• [WHAT NEEDS TO BE DONE] The required answer is an exact copy of the lines from the one containing "escoba-para-establo-de-fibra-grande-con-palo-de-madera" to the end of the listing, both included, without any pictures.

(RECORDS FOR THE EXERCISE begins)

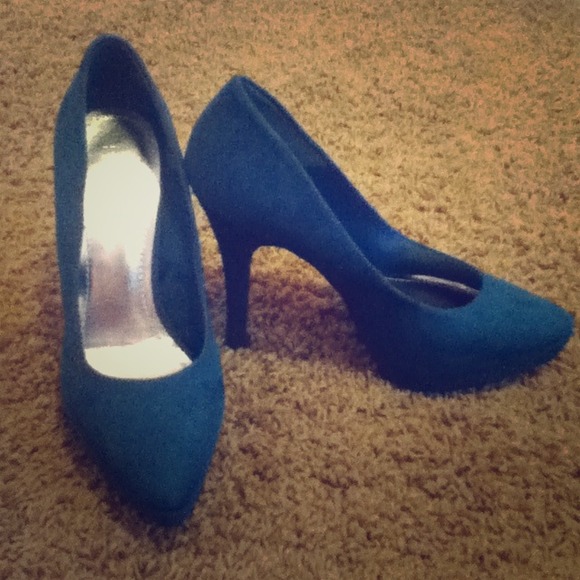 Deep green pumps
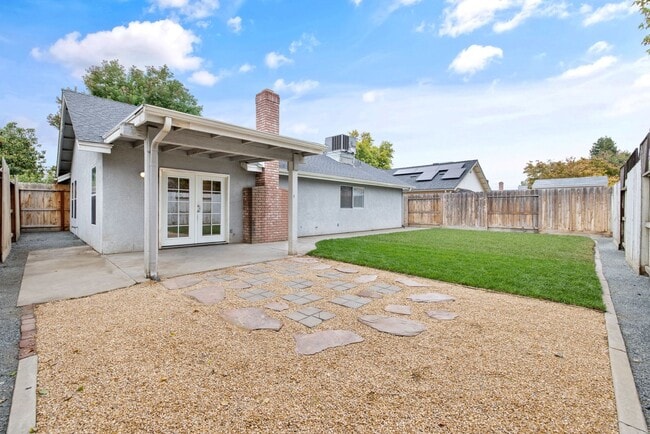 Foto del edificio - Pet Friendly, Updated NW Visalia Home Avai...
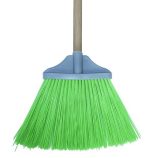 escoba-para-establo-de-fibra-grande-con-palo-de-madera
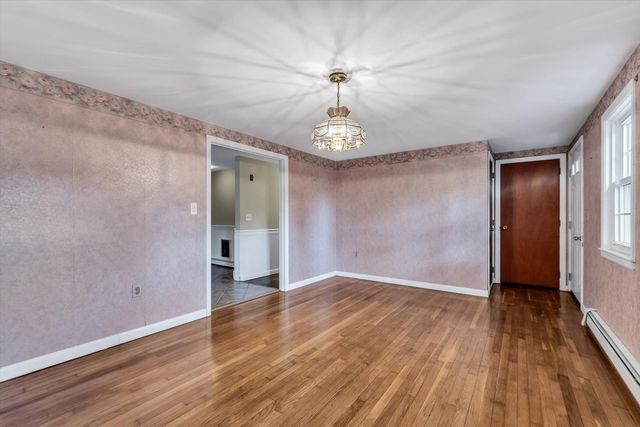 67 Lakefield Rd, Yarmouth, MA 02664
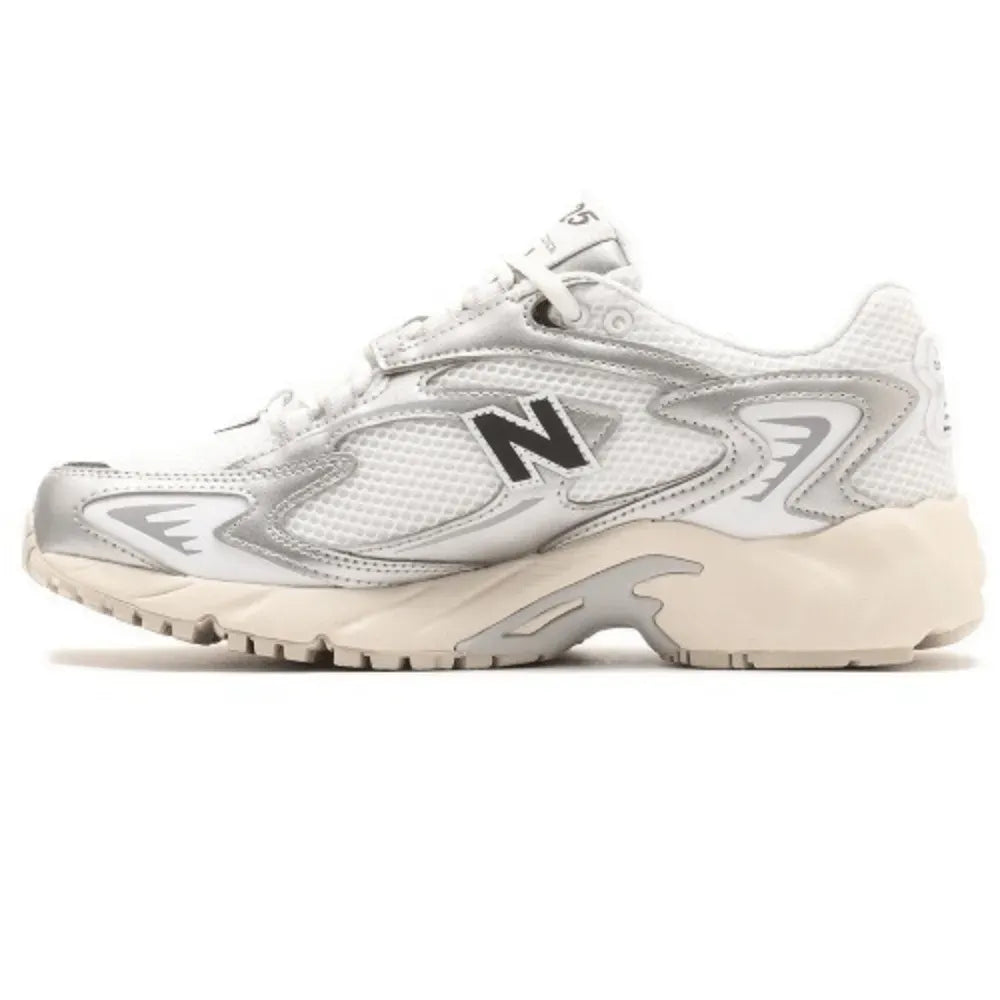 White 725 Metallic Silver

(RECORDS FOR THE EXERCISE ends)

• [WRITTEN SOLUTION]
 escoba-para-establo-de-fibra-grande-con-palo-de-madera
 67 Lakefield Rd, Yarmouth, MA 02664
 White 725 Metallic Silver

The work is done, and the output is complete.